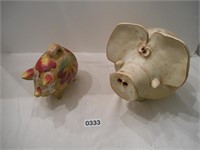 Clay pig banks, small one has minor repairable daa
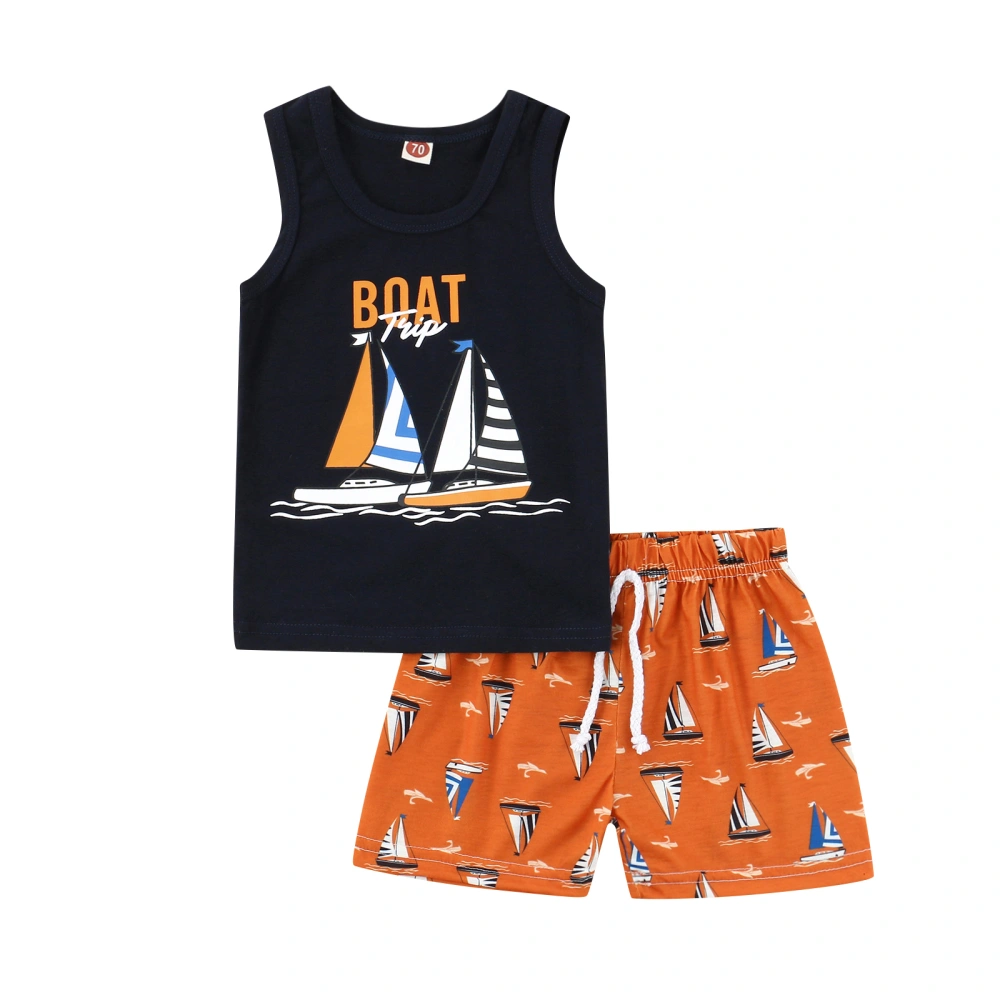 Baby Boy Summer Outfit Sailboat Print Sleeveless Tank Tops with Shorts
* * *
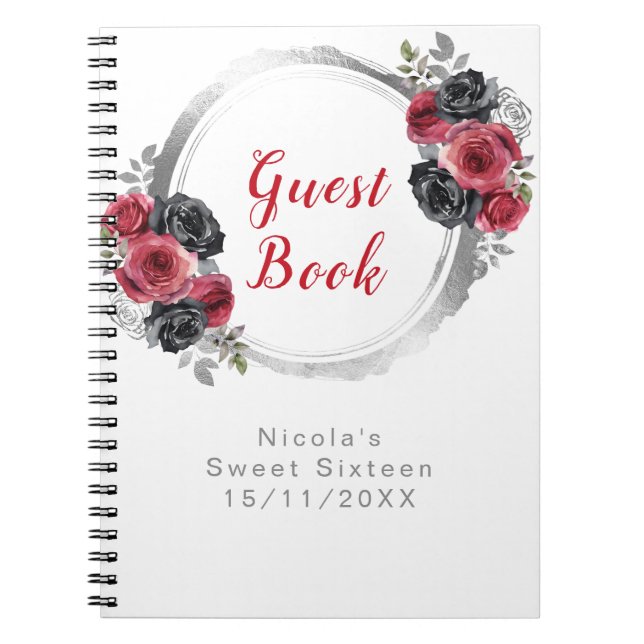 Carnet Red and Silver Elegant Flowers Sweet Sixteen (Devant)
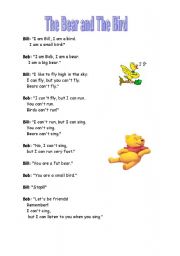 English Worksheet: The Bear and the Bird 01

# [Your goal]
Starting at the line above that has "Clay pig banks, small" and ending at the line that has "Baby Boy Summer", copy each line exactly, leaving the pictures out and adding nothing.

# [Exercise output]
 Clay pig banks, small one has minor repairable daa
 Baby Boy Summer Outfit Sailboat Print Sleeveless Tank Tops with Shorts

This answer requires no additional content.